At the end of this post I'll explain the application of the lipstick on a pig metaphor a bit more.
The problem with p(l)ain C
It all started with the gradual realization that, when programming plain C, people will implement the same data structures again and again. For example safely dynamically growing and shrinking strings, which every modern programming language has, which indeed even UCSD Pascal already had. Instead, even today, in C, people are copying around sequences of characters in raw, unprotected memory.
This seems to be the case generally for every interesting data structure which would make high level programming possible in the first place: Trees, lists, buffers, vectors, graphs. They are not in the standard library, everything has to be either implemented from the first beginning or integrated from third-party libraries which often have their own, often conflicting, ideas about foundational concepts like memory management or input and output.
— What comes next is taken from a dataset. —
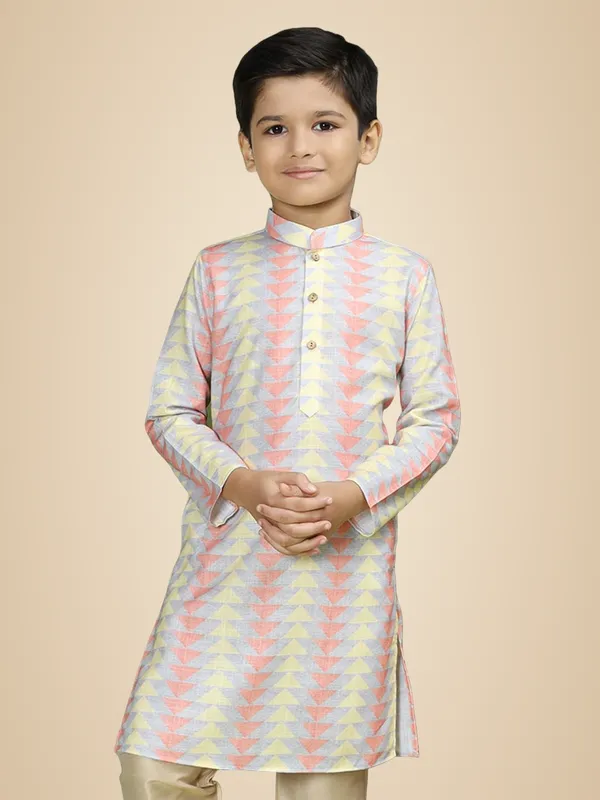 Grey_Cotton_Full_Sleeve_Regular_Fit_Printed_Grey_Kurta_For_Boy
But what happens, when, during the heat of implementing something completely else, a developer finds themselves in sudden need of a string data type? Will they say, oh wait, put this on hold, I'll first extend by repertoire and find myself a proper string library? And then it's not a given they will actually find one, with the offerings in the plain C sector being of so mixed quality…
Hardly.
They'll instead say: Look, I only need to paste together a
couple of strings into another one, I'll just do this with strcpy and
friends and explicitly managed memory and be done, looking for
another library just doesn't pay here.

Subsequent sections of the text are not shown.